The Havana Silk Dog Association of America (HSDAA) was formed a few years ago. Unfortunately, the creation of the HSDAA is a political movement within our breed which has had a divisive impact
on our long-established national breed organization, The Havanese Club of America (HCA).
This group claims that dogs registered to the HSDAA are an "elite" registry of Havanese dogs who are appropriately health-screened, free of chondrodyplasia (a condition which causes bowing of
the legs and is sometimes associated with other serious health issues), and who display "true Cuban breed type." The goal of this organization is to gain recognition for the "Havana Silk Dog" as a
breed that is separate and distinct from the "American Havanese." Please understand that this organization's use of Havana Silk Dog to describe their "distinct breed" is very misleading. The term
Havana Silk Dog is a historical name for the Havanese and these dogs originated from the same dogs as the Havanese. So we are talking about the same breed; not a new, distinct, or designer
The Havanese is the native dog of Cuba and today there are many reputable Havanese breeders here in the United States. HCA, as the AKC Parent Club for Havanese, serves as caretaker of our
breed. We take pride in a proactive health program led by the HCA Health Committee. HCA developed the innovative Top Paw Health Award system to encourage health testing and recognizes those
breeders who are embracing healthy breeding program and mentoring others. All reputable Havanese breeders, whether a member of HCA or not, breed to AKC standard and do these
recommended health test. Reputable Havanese breeders would not breed a dog with any known health issues including chondrodyplasia. To learn more about the HCA health test and Top Paw
Health Awards, visit the HCA website. http://havanese.org/health
Finding a reputable Havanese breeder
Do your homework! Read about the breed and the health issues. Interview prospective breeders and ask to see proof of current health tests on their foundation dogs. Review www.offa.org data base
for health information and health certificate. Ask about how their puppies are socialized, about their health warranty, and go visit the breeder to see the environment where the puppies are raised.
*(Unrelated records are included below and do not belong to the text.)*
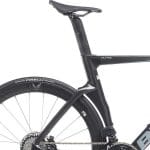 Sadel på Bianchi Oltre Pro Ultegra Di2 24sp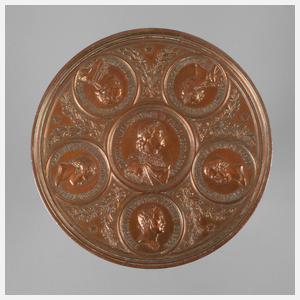 Erinnerungsmedaille Isaakskathedrale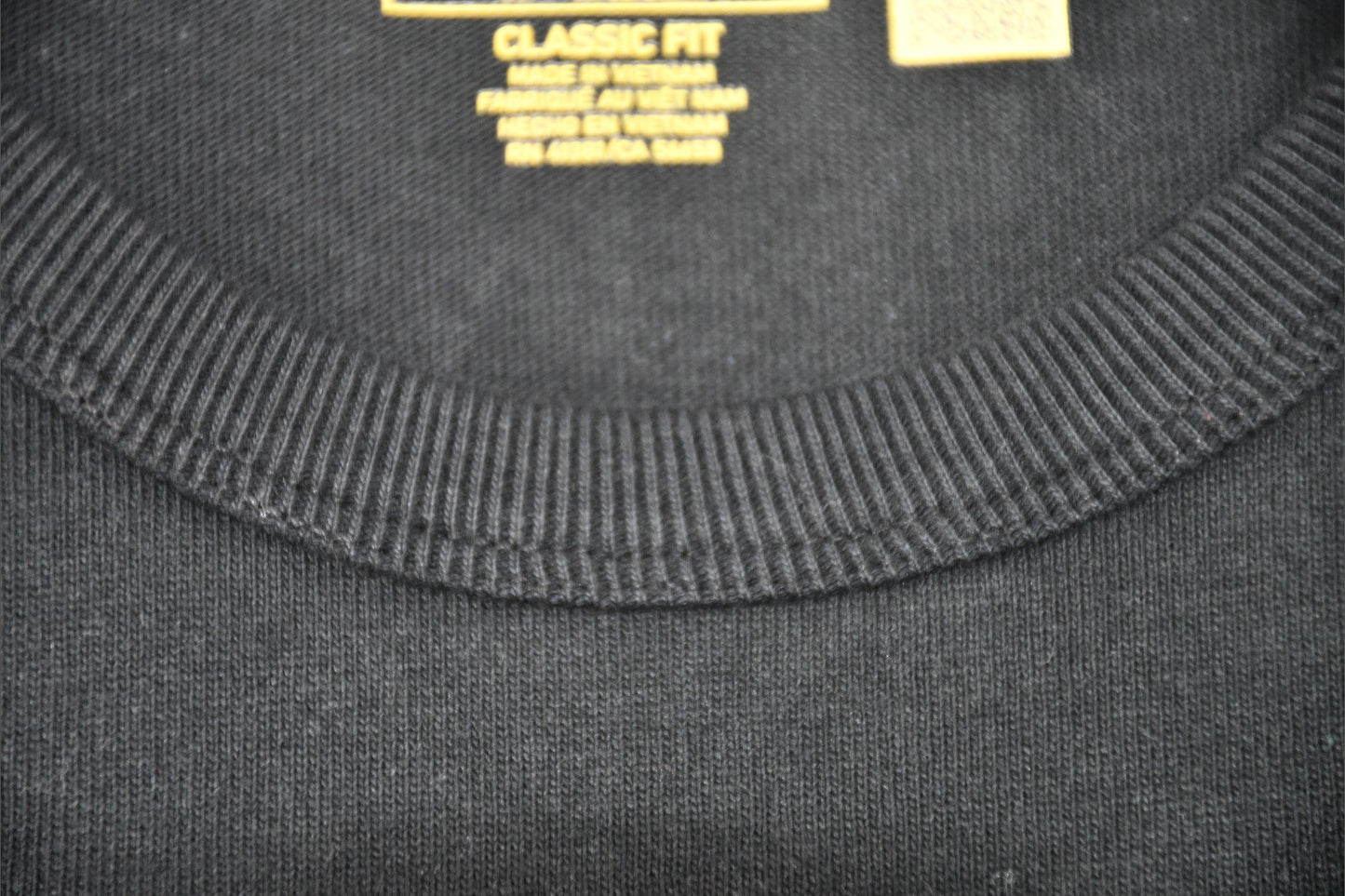 폴로 랄프로렌 오버핏 라운드 반팔티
Under no circumstances should you consider buying a Havanese puppy from a pet store or a puppy broker. These puppies all come from puppy mills. Your best source for healthy puppies is the
hobby breeder who shows their dogs in conformation events, health tests their foundation stock, belongs to breed organizations, and works with other reputable breeders towards the goal of
breeding healthy Havanese puppies bred to the AKC Havanese standard. Additionally, a reputable breeder will have a health warranty on their puppies which will tell you what they will do if your
puppy develops a serious health issue. Good breeders do not want their puppies to end up in shelters and they require you to give them first option for taking the puppy back if you can no longer
care for it. A good breeder's commitment to you to take a puppy back should be for the life of the dog!